Em outras palavras, por que se dá tanto poder a um tirano? Afinal, como pode um simples e relés mortal ter tanta influência sobre tantos outros? Como pode o imenso poder de um povo ser inibido diante de tamanha pequenês de um homem que se acha grande?
Como se pode perceber, tal exercício mental feito por Étienne em seu ensaio só abre o campo para mais perguntas: o leque de questionamentos criou ramos e rizomas que podem ser percebidos até hoje.

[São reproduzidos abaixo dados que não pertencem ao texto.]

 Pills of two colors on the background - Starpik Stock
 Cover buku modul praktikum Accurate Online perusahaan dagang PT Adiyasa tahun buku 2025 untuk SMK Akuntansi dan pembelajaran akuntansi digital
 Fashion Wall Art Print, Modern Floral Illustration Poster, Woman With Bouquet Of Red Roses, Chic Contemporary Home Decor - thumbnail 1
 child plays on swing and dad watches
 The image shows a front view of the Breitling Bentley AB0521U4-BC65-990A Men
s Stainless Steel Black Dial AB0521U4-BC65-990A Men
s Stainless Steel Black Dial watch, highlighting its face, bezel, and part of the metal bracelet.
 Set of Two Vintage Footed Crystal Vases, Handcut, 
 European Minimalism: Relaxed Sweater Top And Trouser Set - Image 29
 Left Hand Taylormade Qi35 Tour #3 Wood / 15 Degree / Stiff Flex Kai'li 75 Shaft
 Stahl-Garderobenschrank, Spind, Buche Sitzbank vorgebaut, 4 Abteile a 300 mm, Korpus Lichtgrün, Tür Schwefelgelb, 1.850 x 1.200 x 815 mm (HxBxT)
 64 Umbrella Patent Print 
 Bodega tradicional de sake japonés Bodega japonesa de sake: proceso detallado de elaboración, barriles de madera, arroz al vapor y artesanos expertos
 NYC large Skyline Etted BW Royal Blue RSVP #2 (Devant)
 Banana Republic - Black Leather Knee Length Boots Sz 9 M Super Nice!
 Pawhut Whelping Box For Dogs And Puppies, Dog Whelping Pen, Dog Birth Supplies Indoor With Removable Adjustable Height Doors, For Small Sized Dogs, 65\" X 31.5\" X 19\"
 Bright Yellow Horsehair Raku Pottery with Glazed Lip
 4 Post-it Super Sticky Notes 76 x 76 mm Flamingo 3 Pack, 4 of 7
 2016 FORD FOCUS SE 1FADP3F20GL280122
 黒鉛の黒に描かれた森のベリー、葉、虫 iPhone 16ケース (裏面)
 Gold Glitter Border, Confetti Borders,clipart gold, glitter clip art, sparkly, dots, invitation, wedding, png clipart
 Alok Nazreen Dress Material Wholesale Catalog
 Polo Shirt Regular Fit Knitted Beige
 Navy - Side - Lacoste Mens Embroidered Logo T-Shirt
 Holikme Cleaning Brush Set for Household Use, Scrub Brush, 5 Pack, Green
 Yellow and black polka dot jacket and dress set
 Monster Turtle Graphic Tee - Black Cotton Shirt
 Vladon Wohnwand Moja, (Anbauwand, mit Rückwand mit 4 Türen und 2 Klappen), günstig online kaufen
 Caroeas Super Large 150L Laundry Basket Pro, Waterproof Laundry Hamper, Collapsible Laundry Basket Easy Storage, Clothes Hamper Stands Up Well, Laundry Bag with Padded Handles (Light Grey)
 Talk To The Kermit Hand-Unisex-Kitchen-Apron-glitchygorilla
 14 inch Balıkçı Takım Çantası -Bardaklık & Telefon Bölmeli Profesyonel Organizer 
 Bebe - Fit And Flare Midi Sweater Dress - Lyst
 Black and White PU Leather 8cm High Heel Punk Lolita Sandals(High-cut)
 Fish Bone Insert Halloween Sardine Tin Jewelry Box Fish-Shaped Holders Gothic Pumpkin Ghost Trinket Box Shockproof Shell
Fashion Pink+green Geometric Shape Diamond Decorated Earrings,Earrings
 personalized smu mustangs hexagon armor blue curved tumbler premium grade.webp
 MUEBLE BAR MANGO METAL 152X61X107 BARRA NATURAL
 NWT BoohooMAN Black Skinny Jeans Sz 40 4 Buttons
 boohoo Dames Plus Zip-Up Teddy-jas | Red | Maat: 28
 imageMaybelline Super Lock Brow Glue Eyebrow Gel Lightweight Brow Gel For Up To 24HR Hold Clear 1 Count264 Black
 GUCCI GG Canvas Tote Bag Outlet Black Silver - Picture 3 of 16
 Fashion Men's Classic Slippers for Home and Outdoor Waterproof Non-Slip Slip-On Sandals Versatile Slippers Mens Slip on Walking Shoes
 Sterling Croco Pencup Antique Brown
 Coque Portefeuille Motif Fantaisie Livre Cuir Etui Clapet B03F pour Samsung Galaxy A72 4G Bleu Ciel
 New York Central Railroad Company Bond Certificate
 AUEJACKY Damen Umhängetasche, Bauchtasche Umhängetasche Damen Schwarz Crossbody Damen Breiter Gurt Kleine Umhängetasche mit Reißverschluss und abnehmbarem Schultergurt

Mas por que não deixar a questão por resolvido? Oras, esse tal de Étienne responde de forma satisfatória tal pergunta: “os homens servem pois acreditam em uma ética onde se beneficiam disso, acreditam que ao servir ao grande tirano eles mesmos podem desfrutar de serem pequenos tiranos, exercendo seu pequeno poder”.
É comum então que digam que a filosofia não sirva para nada, afinal, se pensa, pensa e pensa mas não se sai do lugar, qual é o ponto? Muitos dizem que a filosofia está ultrapassada, como um “velho sábio” que teve sua importância em algum ponto, mas hoje não tem mais serventia. Mas será verdade?
Vejo que talvez seja necessário trescalar os prazeres de se pensar, de rearranjar pensamentos que muitos acreditam ter se tornado tão sólidos, máximas monolíticas de um “saber puro”, a mentira de que “tudo que se pode pensar já foi pensado”, assim como o mito do “fim da história” de Fukuyama.
Nessa jornada, rejeitamos a servidão, superamos nosso luxo de se “pensar ao fim de nada” para um pensamento “à nada”. Nos aventuremos então em territórios de modos de vida não servis, pois a filosofia que nos interessa é aquela que “não serve à nada”.